梁 静
武汉大学国际教育学院 简帛研究中心
与李零老师的师生缘起——我的考博记
梁 静
武汉大学国际教育学院 简帛研究中心
李零著《郭店楚简校读记》书影
题记:李零老师现在在学界声名正盛,我既高兴,又有点担忧,担心名气会扰了他的清净。今年老师七十岁了,希望他能够“从心所欲”,在得到应有的承认的同时,依然可以享受自由自在的生活。作为李老师学生里最不才的一个,我没做出过多么重要的研究,平时也不敢打扰老师,近年来的联系比较少。值此之际,就写一下我的考博始末,讲讲我是怎样成为李老师学生。
2006年,我终于考入北京大学,不是作为本科生,而是博士研究生。虽然不如前者万里挑一那么光荣,我仍然有种夙愿得偿的成就感。

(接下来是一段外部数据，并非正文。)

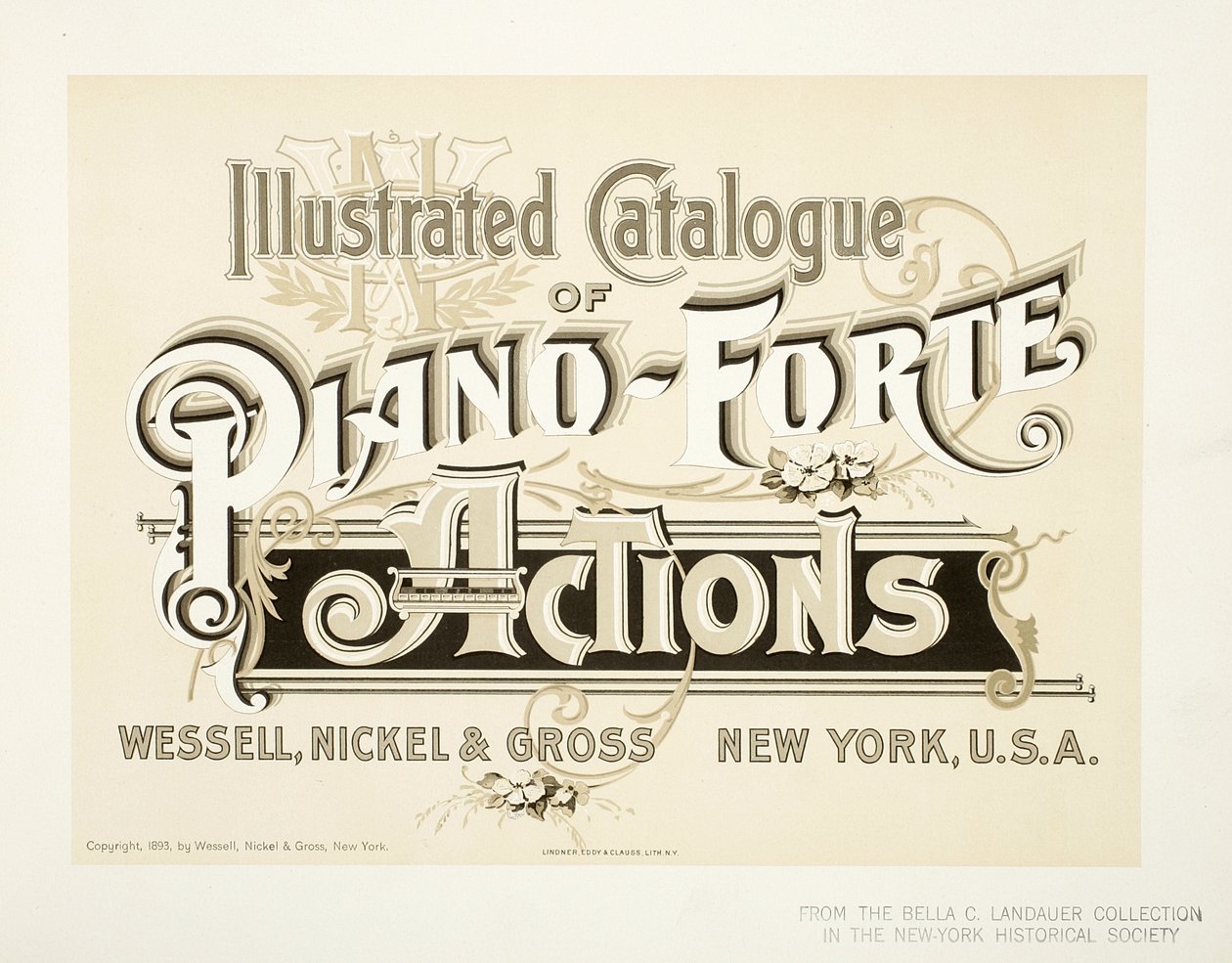 Illustrerad katalog över Piano-Forte Actions, Wessell, Nickel & Gross Co. - omslag, 1893 av American School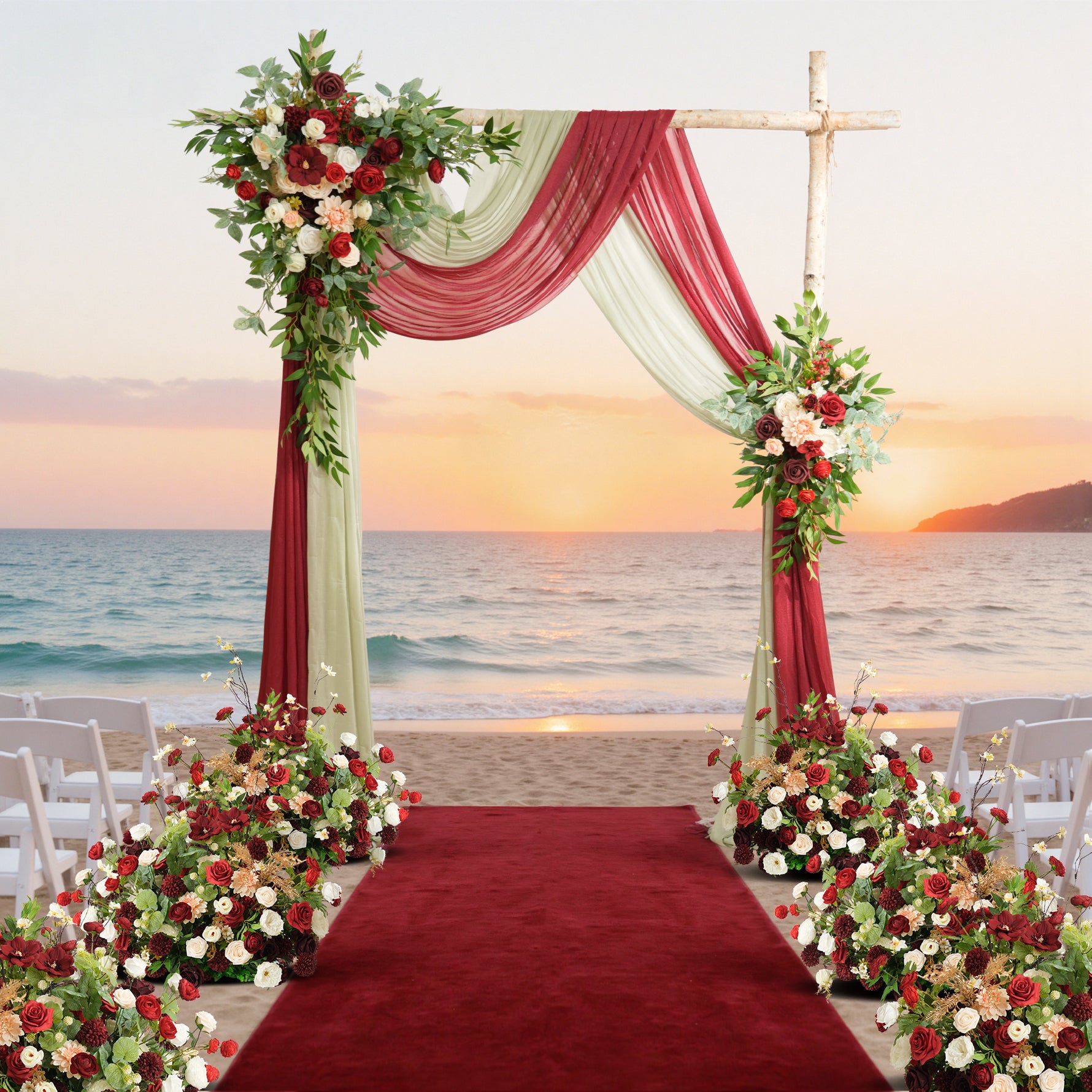 エンジェル　花台 A9060 Artificial White Red Greenery Floor Flower Wedding Aisle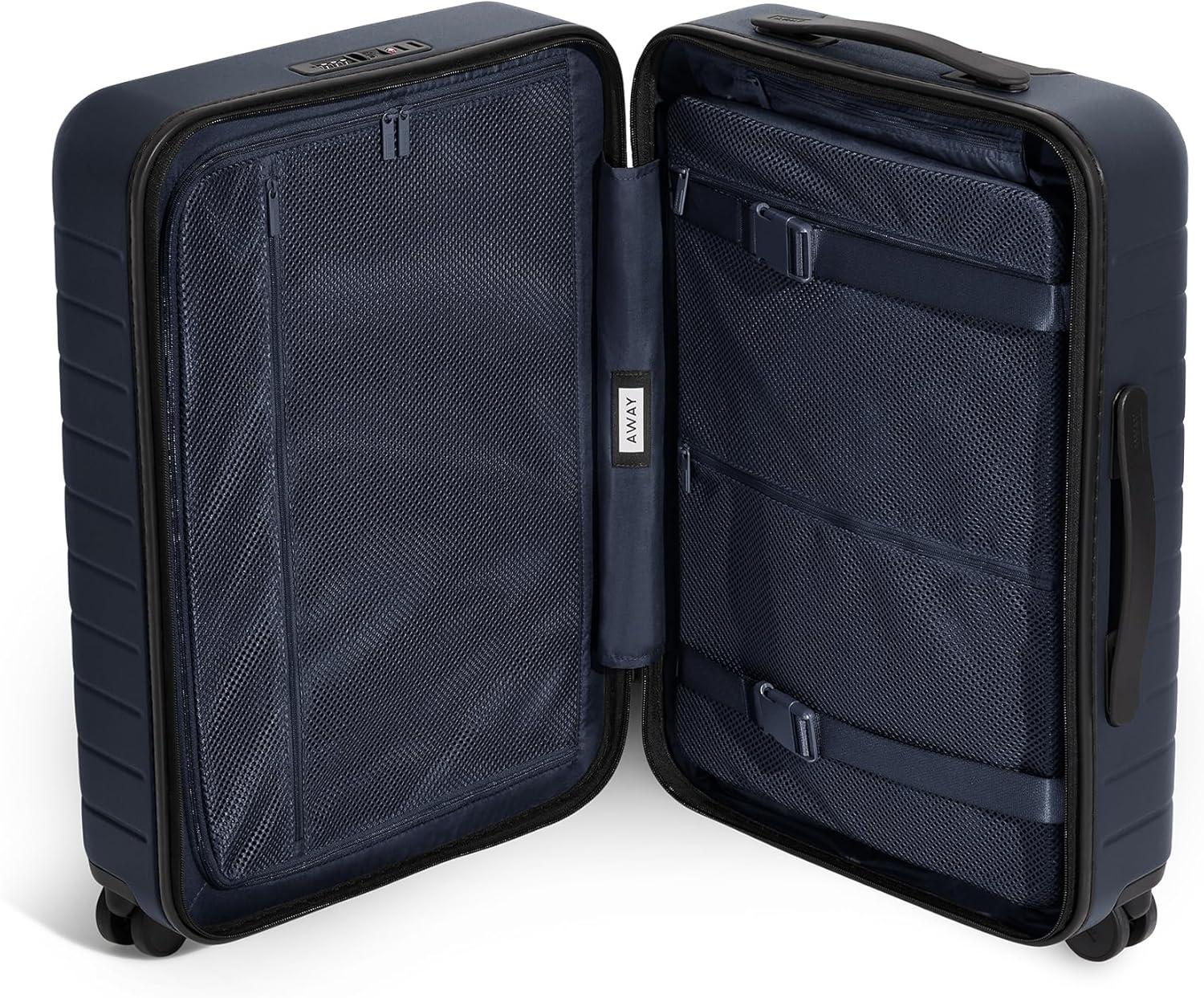 imageAway Bigger CarryOn Luggage Lightweight Hardside Large Suitcase with Spinner Wheels TSA Lock Airline Approved Jet BlackNavy Blue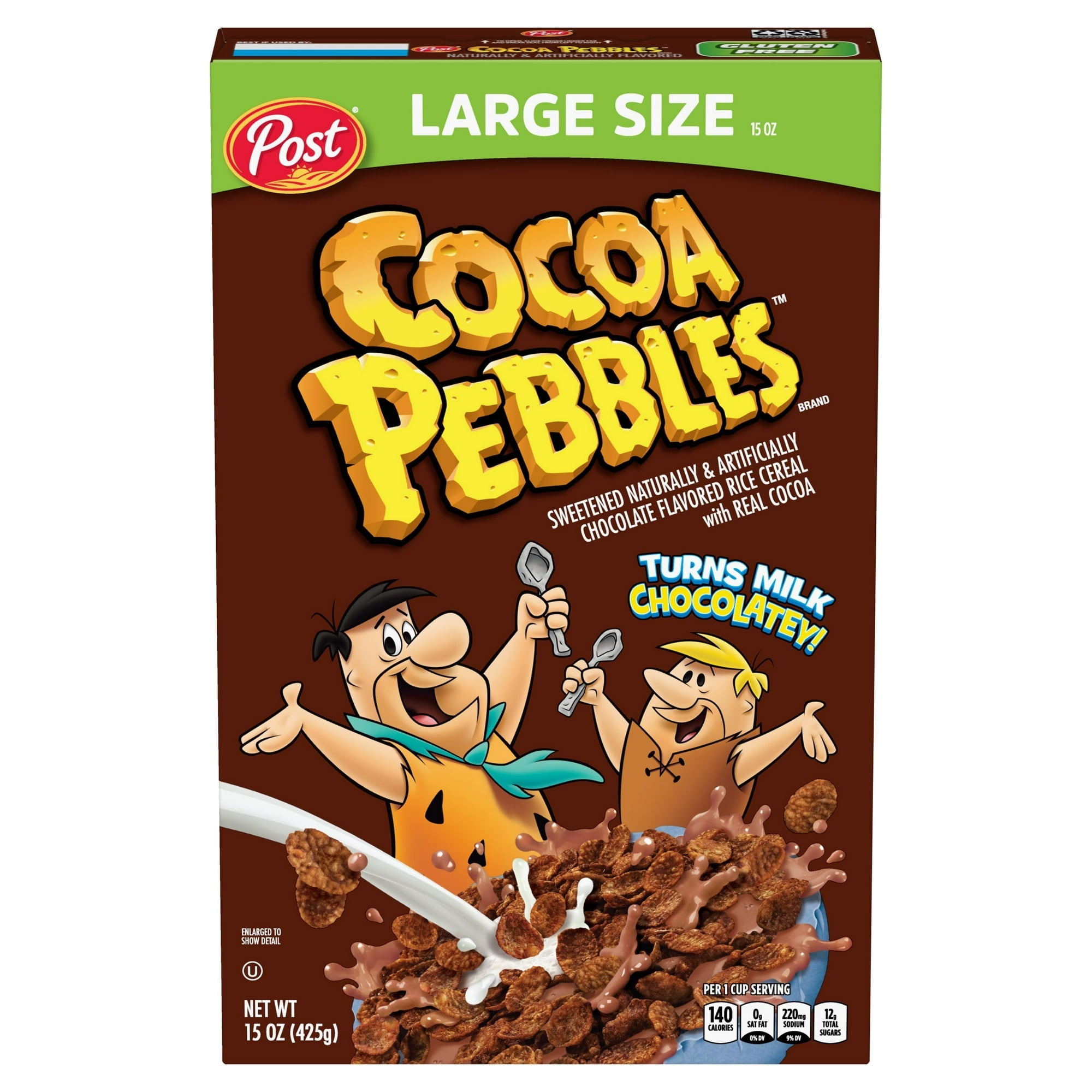 Pebbles Cocoa PEBBLES Cereal, Chocolatey Kids Cereal, Gluten Free Rice Cereal, 15 OZ Large Size Cereal Box (Pack of 4).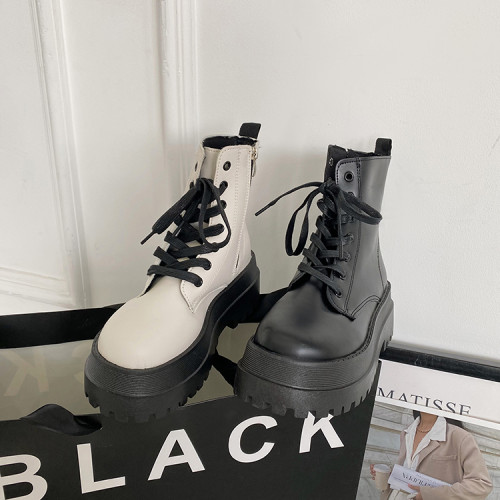 2025厚底馬丁靴女系帶小個子增高短筒靴子秋冬英倫顯腳小短靴鞋子 2025厚底馬丁靴女系帶小個子增高短筒靴子秋冬英倫顯腳小短靴鞋子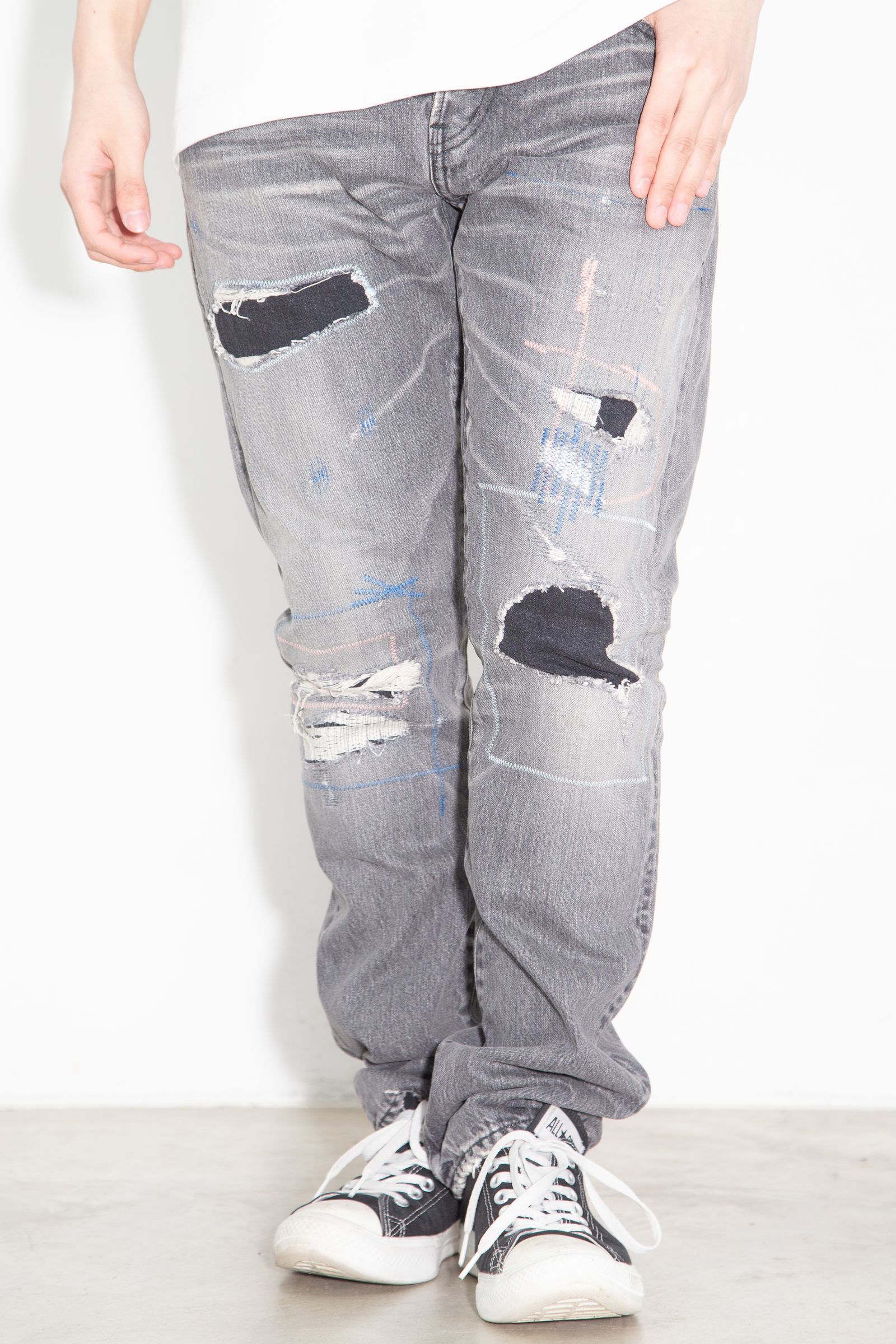 HYSTERIC GLAMOUR - MSR加工 スリムストレートデニムパンツ / ブラック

作为一名自初中起就把高考当作人生唯一目标的河北人,北京和北大当然是我的梦想。然而作为一个并不自信且没有安全感的人,没能在高考时考进北大,后来便也不再有奢望,直到我“遇见”了李零老师。
虽然在古文字学的课堂上,已经见识过李老师的论文,但真正引起我共鸣的却是李老师的《简帛古书与学术源流》一书。郭店楚简和上博楚简这些典籍类出土文献的发现,在当时是轰动学界的大事,为先秦两汉学术史、思想史的研究提供了最直接的材料——当时的书。李老师的这部著作,正是在这一背景之下完成的。从出土典籍类文献入手,对古书的形态、流传,先秦学派的划分等相关问题,进行了深刻而有益的思考。虽然这是一部纯粹的学术著作,行文却一如李老师杂文,坦诚、直率、幽默,读起来就像一位乐于分享人生经验的长者,与我对面而谈,让我一改往日对学者高高在上的印象,真切地感受到学术研究其实与现实人生息息相关。于是李老师从此成了我的“偶像”——这是我们那代人对“爱豆”的叫法。再看看扉页的作者介绍,这位大学者是北大中文系教授,而他的出生地,居然和我的家乡如此之近,祖籍竟与我同省,便更觉得“有缘”。然而我是不敢与“爱豆”接近的,他们都生活在我的理想之中,与我的生活有距离。
李零与本文作者
李零在波斯波利斯古城遗迹
硕士毕业的前一年,有一次“直博”的机会,优秀的硕士研究生经过导师推荐,可以直接升为博士研究生,攻读博士学位。虽然对于硕士毕业后是否读博,一直犹豫不决,我这个敏感的愣头青,却在“直博”失败的刺激下,毅然决定要去考博,并且还要去考“李零先生”的博士。于是,在打听到他的邮件地址后,我就给他写了信。防备心极强的我不痛不痒地写了几个字,询问他明年的招生情况,既不表达仰慕,也不显露任何迫切。几天过去了,没有任何消息。我不甘心地再次写信介绍了自己,并表达了想跟他读博士的愿望,以及对于可能被拒绝的理解。稍后的几天,竟收到了李老师的回复,告诉我确有招生的计划。我高兴坏了。后来才知道,李老师一般是不怎么回邮件的,我的信一定在某种程度上打动了他。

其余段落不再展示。